Begitu juga cerita Dian Sastrowardoyo, yang dalam sebuah podcast mengaku sempat menunda studi lanjutnya demi fokus pada anak-anak. Padahal ia punya akses, privilege, dan support system. Tapi panggilan hati sebagai ibu tetap yang paling kuat.
Jujur, tidak ada yang salah dari keputusan-keputusan itu. Justru sangat mulia. Ketika seorang perempuan memilih berhenti sejenak demi rumah tangga, dampaknya bisa sangat besar. Suami lebih fokus bekerja, karirnya meningkat karena rumahnya kondusif. Anak-anak tumbuh dengan penuh kasih, merasa aman dan disayang sepenuhnya. Itu semua luar biasa.
Tapi yang sering luput adalah, bagaimana perasaan si ibu saat anak-anak sudah tumbuh dan mulai sibuk dengan dunianya sendiri?
Saat mereka sudah banyak main, ikut les, dan tidak lagi tergantung sepenuhnya pada ibunya, ruang kosong itu muncul. Dan banyak perempuan merasa: aku siapa sekarang? aku punya apa?
Inilah kenapa menurut saya, perempuan tetap harus punya mimpi. Sekecil apapun itu.
Ada alasan mengapa tetap punya mimpi menjaga kita tetap jadi diri sendiri. Mimpi membuat kita tidak hilang dalam peran. Kita tetap bisa merasa bangga pernah mencapai sesuatu, punya arah, punya tujuan.
Tidak harus langsung besar. Tidak harus sempurna. Yang penting ada progres, meski pelan.
Kalau belum bisa kerja lagi, mungkin bisa ikut kelas daring 1 jam seminggu.
Kalau belum bisa buka usaha, mungkin bisa mulai riset pasar dari rumah.
Kalau belum bisa lanjut sekolah, mungkin bisa mulai baca jurnal atau cari beasiswa.
Yang penting: jangan matikan api itu sepenuhnya.
Saya percaya, perempuan bisa jadi ibu yang hebat dan individu yang punya mimpi. Keduanya bisa berjalan bersama, asal dilakukan dengan sadar dan proporsional.

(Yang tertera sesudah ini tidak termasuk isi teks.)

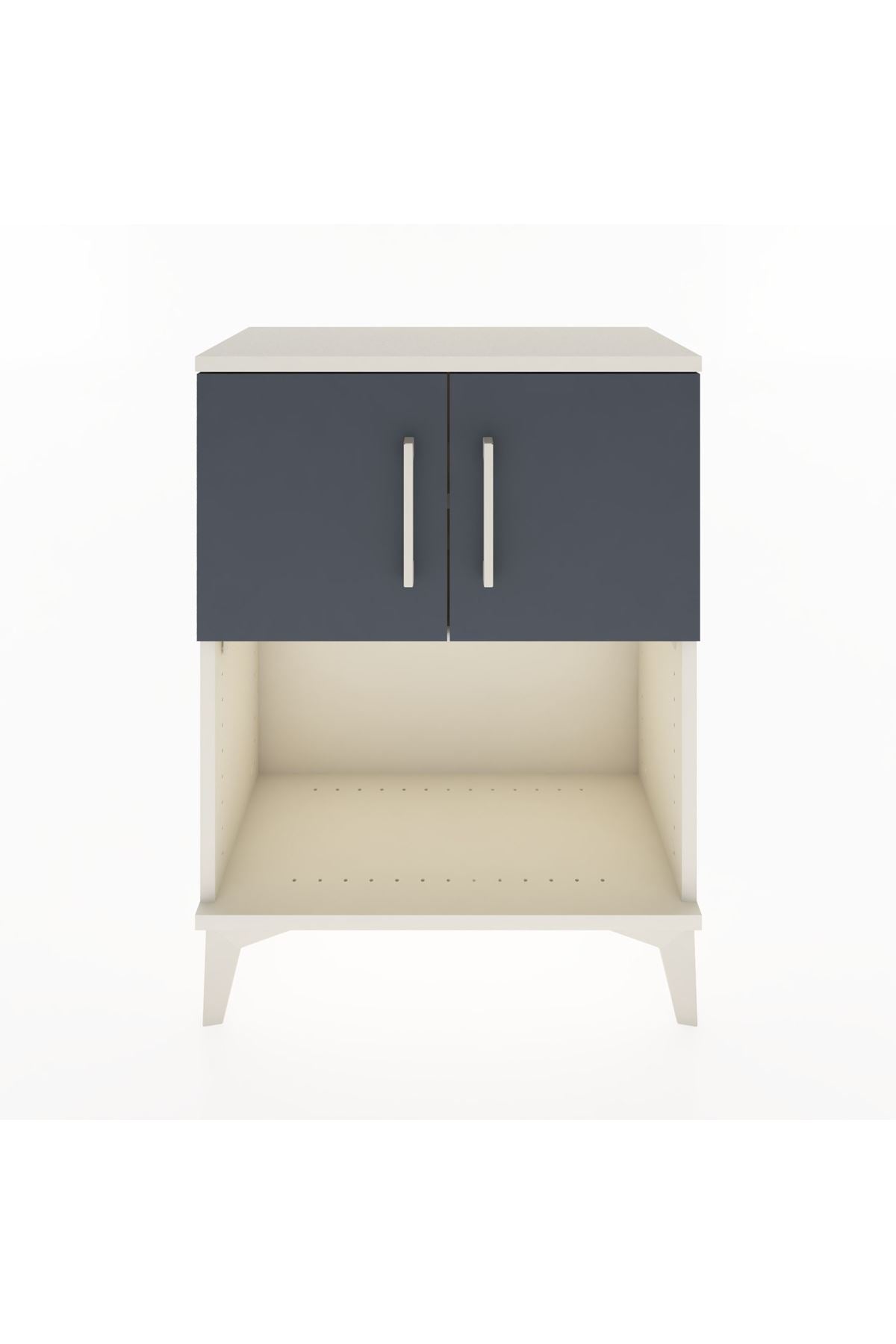 Arges Komodin 2 Raflı 2 Çekmeceli 2 Kapaklı 60x30x80 Aytaşı-Antrasit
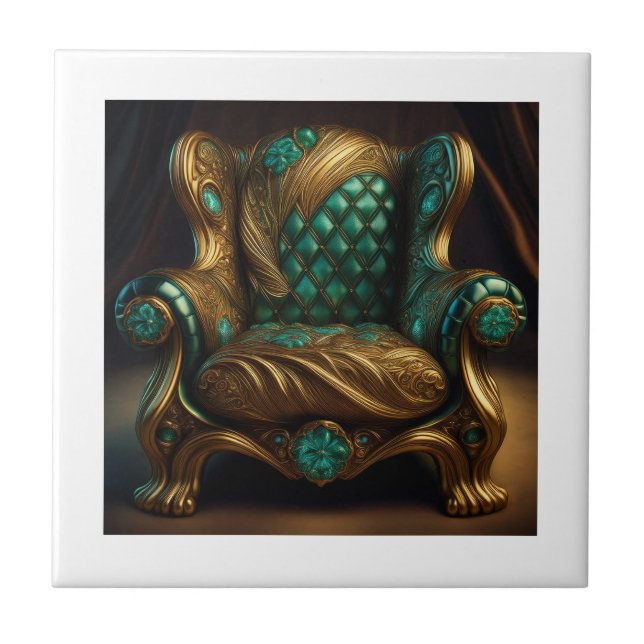 Luxurious Green And Gold Armchair Fliese (Vorderseite)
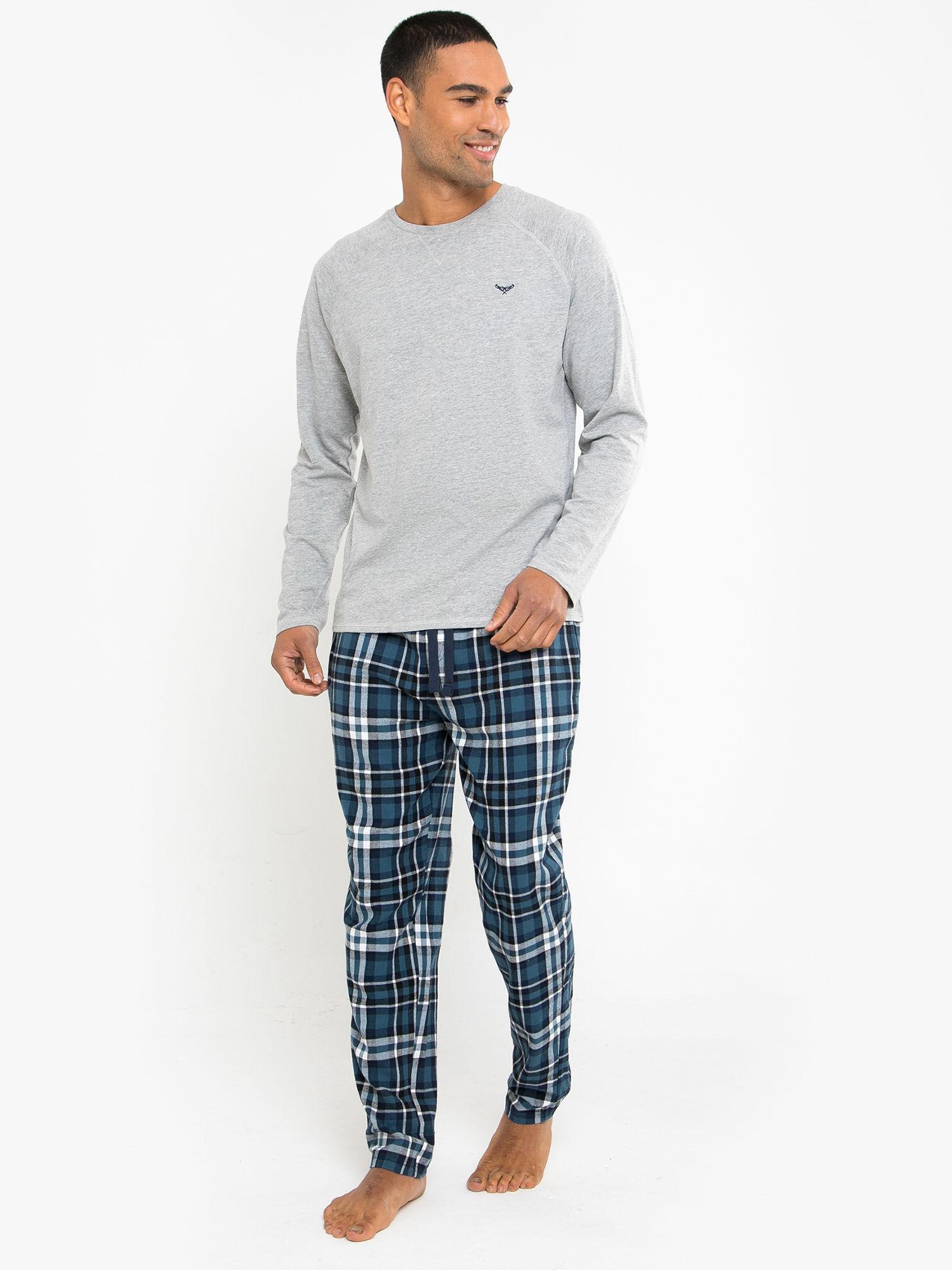 grey & blue check pyjama & sweatshirt (set of 2)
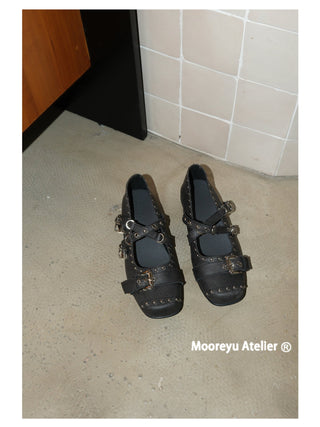 Cross Buckle Ballet Flats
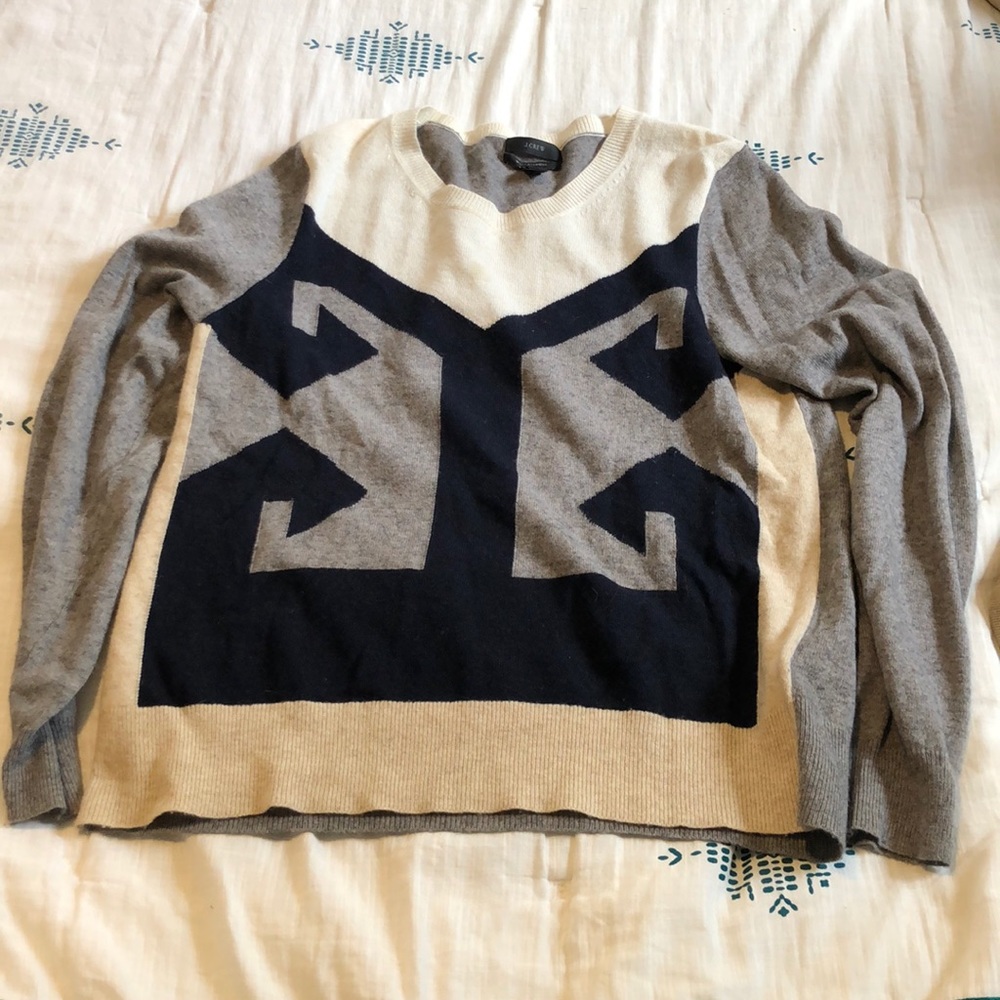 Cashmere JCrew geometric sweater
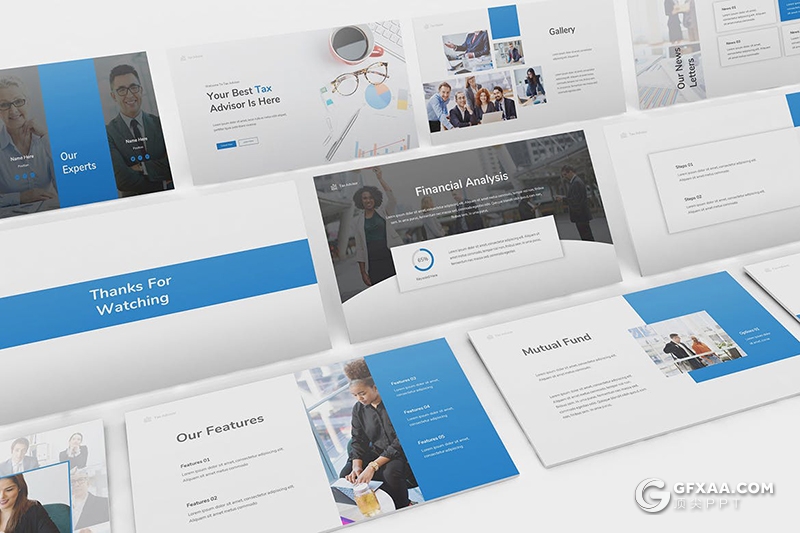 30页蓝色商务企业团队简介商务合作PPT模板 - 顶尖PPT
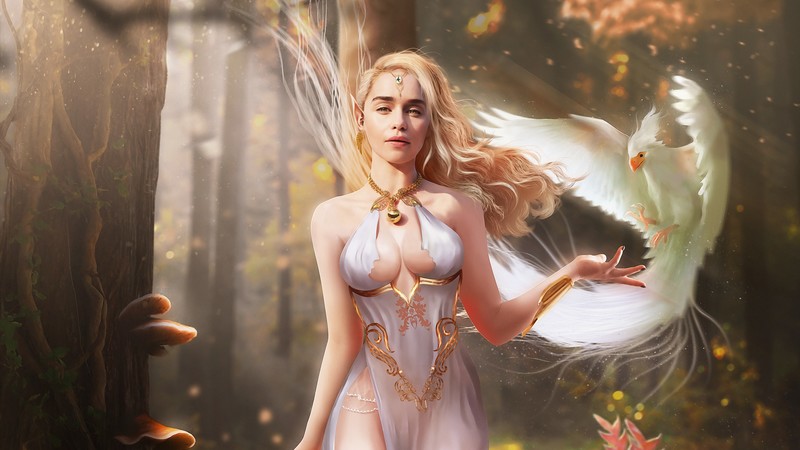 elf, fantasy girls, artist, artwork, digital art, hd, 4k, 5k, artstation, emilia clarke
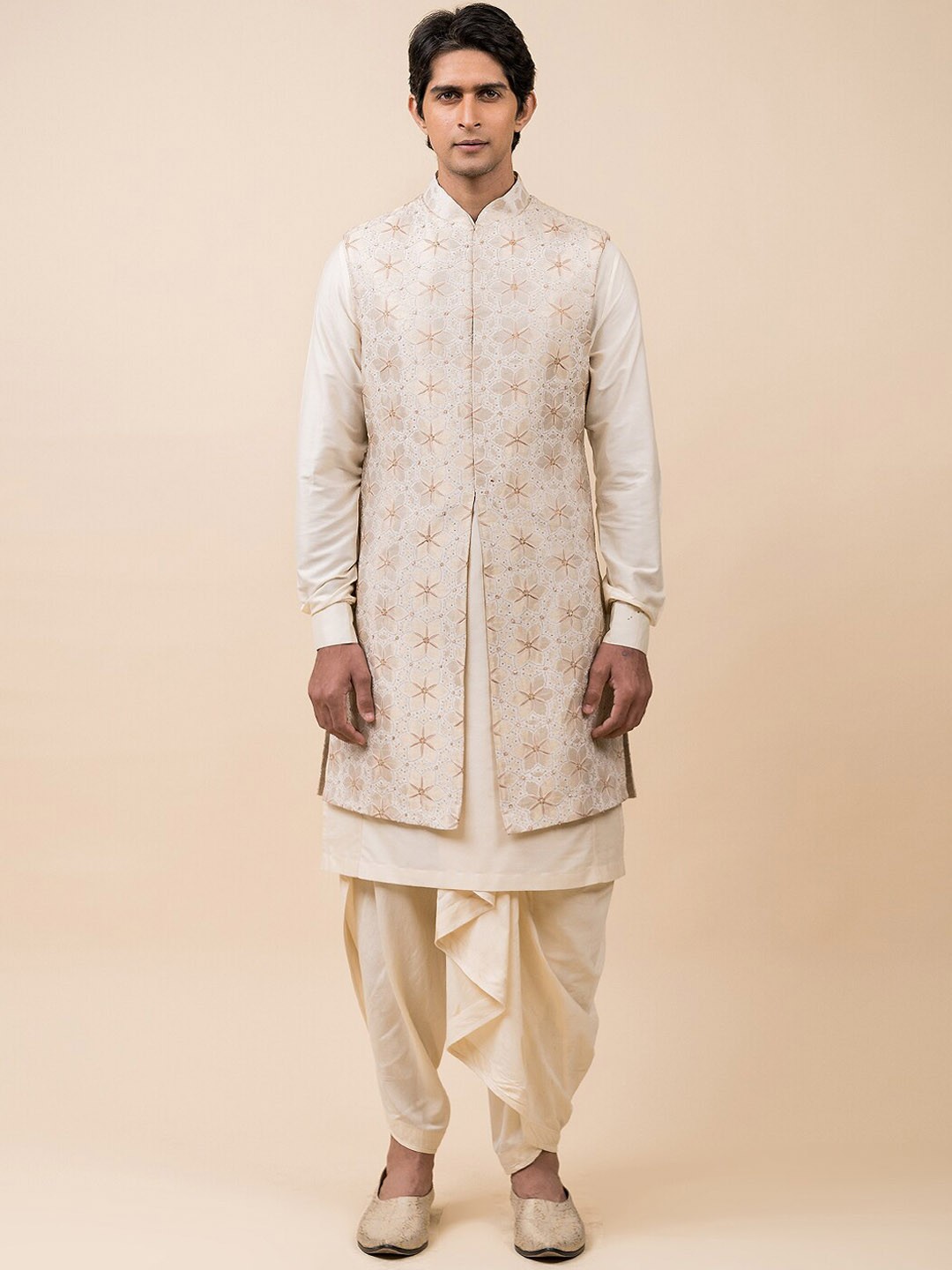 

Tasva Men Off White Embroidered Sherwani Set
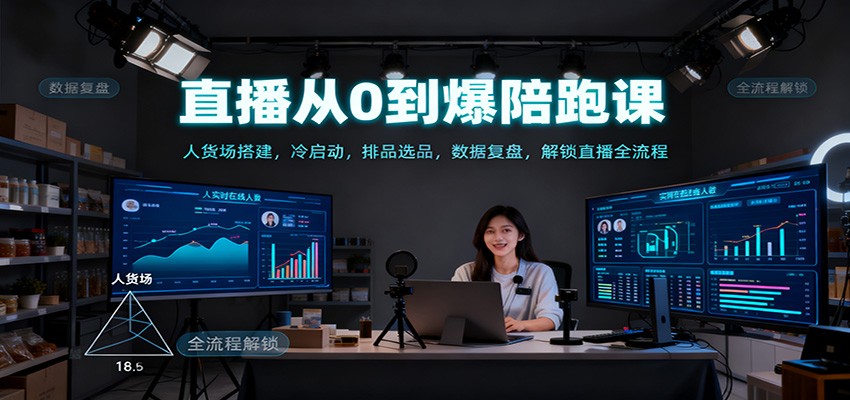 直播从0到爆陪跑课：人货场搭建，冷启动，排品选品，数据复盘，解锁直播全流程-鸿雁学习网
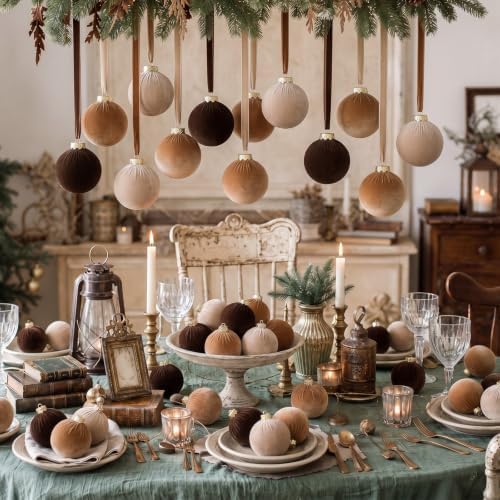 Simgoing 15 Pcs Neutral Velvet Christmas Ball Ornaments 3.15 Inch Brown Beige Polka Dot Flocked Xmas Ornaments with 10 Yards Velvet Ribbon Baubles Shatterproof Christmas Decoration for Holiday - Image 4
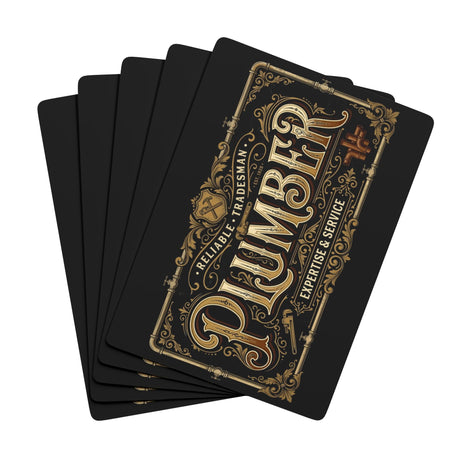 Set of black cards with gold 'Plumber' design on a white background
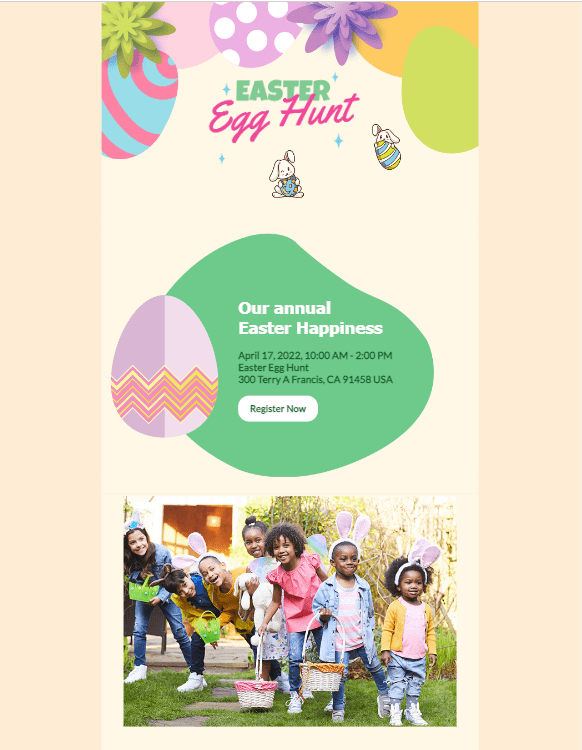 Easter event email message template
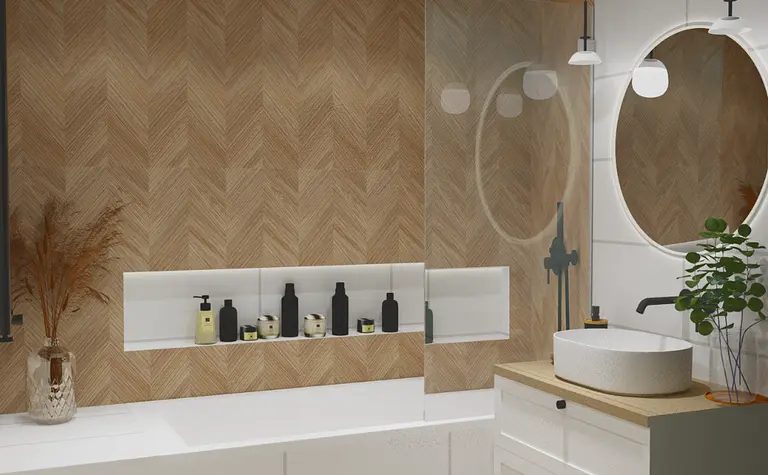 Wnętrze łazienki ze skandynawskim stylem, drewniana ściana, biała umywalka i rośliny.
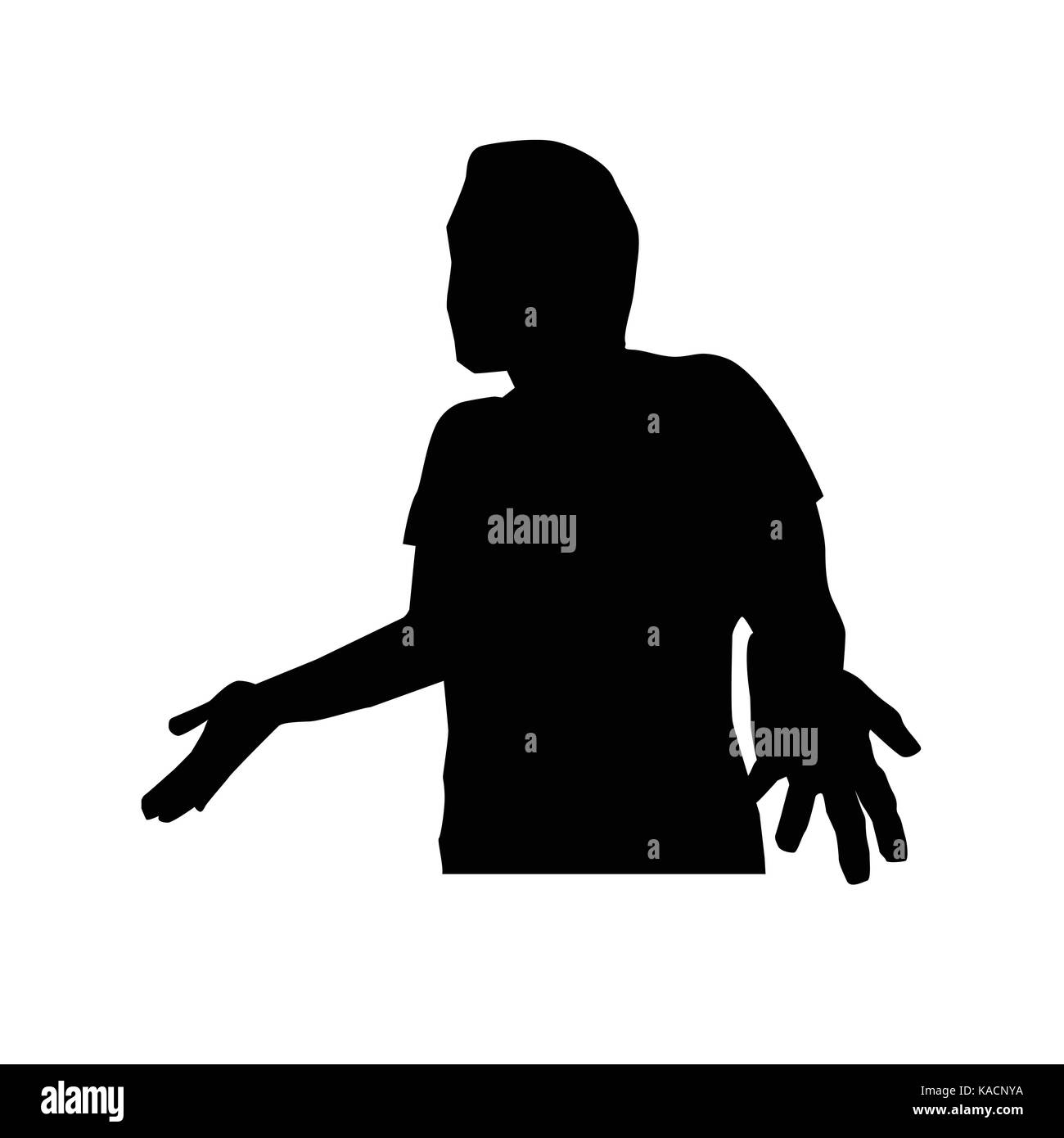 Mann überrascht Silhouette, Mann überrascht und seine Hände öffnen, Illustration Design, auf weißem Hintergrund. Stock Vektor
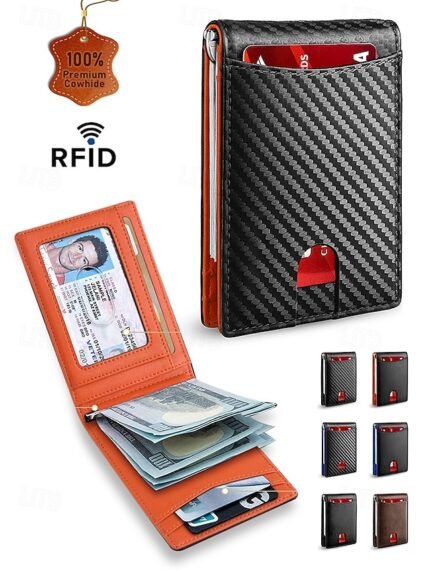 Men's RFID-Blocking Wallet – Premium Cowhide Leather with
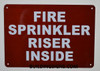 FIRE SPRINKLER RISER INSIDE SIGN for Building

Maka untuk kamu yang hari-harinya sibuk ngurus rumah, kerja lembur tanpa gaji di dapur, atau sering merasa “kehilangan diri sendiri”—yakinlah, kamu masih bisa punya sesuatu yang milikmu sendiri. Mimpi itu tidak egois. Justru itu penyelamat.
Karena saat kita menjaga mimpi tetap hidup, kita menjaga diri kita tetap utuh. Dan saat anak-anak suatu hari bertanya, “Mama dulu cita-citanya apa?”, kita bisa menjawab dengan bangga: Mama masih menjalaninya sampai sekarang.